Collected data entries:
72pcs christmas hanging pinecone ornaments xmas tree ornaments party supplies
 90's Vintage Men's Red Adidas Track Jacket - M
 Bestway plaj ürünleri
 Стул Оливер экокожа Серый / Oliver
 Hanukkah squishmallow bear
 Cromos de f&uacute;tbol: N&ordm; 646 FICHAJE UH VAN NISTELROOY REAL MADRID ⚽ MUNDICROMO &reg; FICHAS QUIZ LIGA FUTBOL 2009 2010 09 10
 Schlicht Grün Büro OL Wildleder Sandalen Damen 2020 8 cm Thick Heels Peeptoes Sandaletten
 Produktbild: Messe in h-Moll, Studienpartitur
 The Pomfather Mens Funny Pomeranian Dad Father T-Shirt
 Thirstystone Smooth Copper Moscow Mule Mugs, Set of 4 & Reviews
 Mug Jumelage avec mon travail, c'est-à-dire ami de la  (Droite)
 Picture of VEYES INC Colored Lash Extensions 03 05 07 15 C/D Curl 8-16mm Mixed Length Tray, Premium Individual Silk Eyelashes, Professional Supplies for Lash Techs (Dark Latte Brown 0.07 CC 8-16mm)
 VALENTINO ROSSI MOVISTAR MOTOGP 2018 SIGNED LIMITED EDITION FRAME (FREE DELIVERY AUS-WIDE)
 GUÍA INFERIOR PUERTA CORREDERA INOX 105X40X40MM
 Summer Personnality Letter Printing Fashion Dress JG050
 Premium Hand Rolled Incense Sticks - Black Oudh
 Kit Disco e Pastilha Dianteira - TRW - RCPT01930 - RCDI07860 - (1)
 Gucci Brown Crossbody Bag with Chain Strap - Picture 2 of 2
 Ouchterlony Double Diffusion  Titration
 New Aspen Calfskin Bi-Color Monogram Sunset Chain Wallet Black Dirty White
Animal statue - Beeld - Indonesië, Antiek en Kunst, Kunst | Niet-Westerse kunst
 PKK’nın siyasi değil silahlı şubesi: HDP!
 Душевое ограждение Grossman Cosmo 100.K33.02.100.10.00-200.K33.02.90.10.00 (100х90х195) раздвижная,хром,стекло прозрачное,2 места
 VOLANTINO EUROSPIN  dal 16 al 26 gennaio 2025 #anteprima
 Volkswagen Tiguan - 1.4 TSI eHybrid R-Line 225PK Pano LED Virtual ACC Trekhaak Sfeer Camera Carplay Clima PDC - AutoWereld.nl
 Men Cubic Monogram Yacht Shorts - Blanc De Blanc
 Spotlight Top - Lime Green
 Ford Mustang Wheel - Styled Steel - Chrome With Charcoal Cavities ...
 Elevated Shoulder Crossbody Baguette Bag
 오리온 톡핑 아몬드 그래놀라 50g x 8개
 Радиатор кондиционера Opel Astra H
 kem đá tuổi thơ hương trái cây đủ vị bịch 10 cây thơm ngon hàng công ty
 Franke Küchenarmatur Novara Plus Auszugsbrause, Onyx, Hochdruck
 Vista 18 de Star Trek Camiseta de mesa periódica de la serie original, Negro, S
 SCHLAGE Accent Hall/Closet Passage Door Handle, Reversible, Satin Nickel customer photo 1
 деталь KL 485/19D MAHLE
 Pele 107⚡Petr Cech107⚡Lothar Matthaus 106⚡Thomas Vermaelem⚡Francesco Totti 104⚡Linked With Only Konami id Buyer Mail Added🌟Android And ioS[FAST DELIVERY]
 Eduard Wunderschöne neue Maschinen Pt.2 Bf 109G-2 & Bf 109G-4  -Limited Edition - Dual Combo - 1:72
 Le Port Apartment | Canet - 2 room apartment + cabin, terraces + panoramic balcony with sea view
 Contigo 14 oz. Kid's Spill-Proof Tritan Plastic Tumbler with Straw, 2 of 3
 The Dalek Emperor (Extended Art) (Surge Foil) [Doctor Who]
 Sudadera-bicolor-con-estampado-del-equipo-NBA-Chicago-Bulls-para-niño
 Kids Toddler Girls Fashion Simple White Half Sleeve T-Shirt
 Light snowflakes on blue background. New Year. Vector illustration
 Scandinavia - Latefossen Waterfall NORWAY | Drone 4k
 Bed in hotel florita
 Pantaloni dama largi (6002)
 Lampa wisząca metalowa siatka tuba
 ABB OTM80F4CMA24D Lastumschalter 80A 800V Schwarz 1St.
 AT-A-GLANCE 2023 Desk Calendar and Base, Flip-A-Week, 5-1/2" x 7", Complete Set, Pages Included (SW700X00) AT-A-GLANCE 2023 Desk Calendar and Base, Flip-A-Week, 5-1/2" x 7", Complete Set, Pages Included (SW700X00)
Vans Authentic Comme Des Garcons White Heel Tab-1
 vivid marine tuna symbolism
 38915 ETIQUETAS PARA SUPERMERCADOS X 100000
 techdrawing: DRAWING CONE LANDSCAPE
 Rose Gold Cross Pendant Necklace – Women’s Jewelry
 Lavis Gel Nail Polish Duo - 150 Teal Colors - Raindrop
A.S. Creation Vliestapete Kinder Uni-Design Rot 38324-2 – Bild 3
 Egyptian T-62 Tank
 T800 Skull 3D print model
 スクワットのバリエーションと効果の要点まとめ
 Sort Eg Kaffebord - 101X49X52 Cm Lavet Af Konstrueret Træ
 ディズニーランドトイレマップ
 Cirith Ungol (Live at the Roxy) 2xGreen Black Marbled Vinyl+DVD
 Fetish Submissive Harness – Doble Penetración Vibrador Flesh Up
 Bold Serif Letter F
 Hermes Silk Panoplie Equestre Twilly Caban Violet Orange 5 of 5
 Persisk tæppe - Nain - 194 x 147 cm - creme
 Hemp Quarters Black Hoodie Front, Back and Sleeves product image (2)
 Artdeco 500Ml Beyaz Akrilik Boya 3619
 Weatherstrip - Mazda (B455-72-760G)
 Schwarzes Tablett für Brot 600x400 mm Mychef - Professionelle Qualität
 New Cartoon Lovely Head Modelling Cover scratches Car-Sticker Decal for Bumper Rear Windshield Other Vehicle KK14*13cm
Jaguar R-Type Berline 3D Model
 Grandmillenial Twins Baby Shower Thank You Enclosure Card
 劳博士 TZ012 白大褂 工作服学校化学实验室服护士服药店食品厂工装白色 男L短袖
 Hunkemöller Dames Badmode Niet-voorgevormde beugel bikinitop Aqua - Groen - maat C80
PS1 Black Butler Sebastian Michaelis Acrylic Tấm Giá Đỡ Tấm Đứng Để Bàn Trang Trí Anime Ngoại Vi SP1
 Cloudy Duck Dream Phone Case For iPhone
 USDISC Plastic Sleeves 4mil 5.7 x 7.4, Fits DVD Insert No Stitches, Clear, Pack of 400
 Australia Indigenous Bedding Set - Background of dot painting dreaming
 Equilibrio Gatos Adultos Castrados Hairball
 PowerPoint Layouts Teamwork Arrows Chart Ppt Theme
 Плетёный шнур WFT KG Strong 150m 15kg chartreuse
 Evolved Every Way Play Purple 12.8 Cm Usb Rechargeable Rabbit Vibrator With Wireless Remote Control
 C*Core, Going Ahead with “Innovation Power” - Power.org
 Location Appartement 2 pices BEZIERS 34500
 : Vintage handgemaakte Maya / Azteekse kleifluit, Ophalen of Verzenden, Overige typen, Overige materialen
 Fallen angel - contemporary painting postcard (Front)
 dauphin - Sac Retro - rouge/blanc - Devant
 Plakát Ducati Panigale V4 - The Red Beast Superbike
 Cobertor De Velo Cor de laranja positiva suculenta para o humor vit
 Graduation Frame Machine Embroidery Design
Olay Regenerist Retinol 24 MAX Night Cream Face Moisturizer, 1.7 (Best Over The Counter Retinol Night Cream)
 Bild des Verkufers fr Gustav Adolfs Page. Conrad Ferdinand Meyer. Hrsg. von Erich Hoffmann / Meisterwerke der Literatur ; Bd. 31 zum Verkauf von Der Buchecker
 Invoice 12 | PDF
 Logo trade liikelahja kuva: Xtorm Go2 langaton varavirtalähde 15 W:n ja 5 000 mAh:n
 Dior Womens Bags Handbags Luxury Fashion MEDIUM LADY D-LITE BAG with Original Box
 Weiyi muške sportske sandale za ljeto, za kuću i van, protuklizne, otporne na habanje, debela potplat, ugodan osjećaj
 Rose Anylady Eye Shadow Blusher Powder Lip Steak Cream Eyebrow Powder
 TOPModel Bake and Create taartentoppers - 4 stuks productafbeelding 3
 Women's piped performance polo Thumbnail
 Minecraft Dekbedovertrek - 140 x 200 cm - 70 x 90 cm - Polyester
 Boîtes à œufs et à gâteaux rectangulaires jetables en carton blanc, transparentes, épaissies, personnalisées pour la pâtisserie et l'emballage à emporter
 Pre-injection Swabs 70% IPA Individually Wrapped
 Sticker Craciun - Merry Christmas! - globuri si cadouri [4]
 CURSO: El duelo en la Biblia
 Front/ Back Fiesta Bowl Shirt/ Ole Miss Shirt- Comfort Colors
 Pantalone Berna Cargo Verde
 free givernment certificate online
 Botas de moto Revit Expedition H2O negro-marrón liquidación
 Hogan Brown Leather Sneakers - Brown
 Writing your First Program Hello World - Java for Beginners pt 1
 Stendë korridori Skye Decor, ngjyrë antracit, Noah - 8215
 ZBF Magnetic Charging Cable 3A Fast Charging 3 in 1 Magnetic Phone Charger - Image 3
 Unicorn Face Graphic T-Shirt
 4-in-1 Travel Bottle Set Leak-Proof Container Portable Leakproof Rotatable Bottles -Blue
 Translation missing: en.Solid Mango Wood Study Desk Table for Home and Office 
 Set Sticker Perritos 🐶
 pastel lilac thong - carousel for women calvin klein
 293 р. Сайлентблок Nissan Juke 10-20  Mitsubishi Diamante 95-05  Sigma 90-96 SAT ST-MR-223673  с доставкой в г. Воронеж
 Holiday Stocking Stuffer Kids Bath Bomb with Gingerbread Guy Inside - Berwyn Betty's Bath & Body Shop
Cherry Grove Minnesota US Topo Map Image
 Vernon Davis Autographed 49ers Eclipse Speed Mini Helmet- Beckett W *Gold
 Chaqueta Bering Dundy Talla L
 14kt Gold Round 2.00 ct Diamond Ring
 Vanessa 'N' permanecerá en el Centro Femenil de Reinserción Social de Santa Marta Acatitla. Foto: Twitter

TRY IT.
In the records above, copy exactly the lines from the one that contains "Holiday Stocking Stuffer" through the last, and nothing else.

EXPECTED ANSWER.
 Holiday Stocking Stuffer Kids Bath Bomb with Gingerbread Guy Inside - Berwyn Betty's Bath & Body Shop
Cherry Grove Minnesota US Topo Map Image
 Vernon Davis Autographed 49ers Eclipse Speed Mini Helmet- Beckett W *Gold
 Chaqueta Bering Dundy Talla L
 14kt Gold Round 2.00 ct Diamond Ring
 Vanessa 'N' permanecerá en el Centro Femenil de Reinserción Social de Santa Marta Acatitla. Foto: Twitter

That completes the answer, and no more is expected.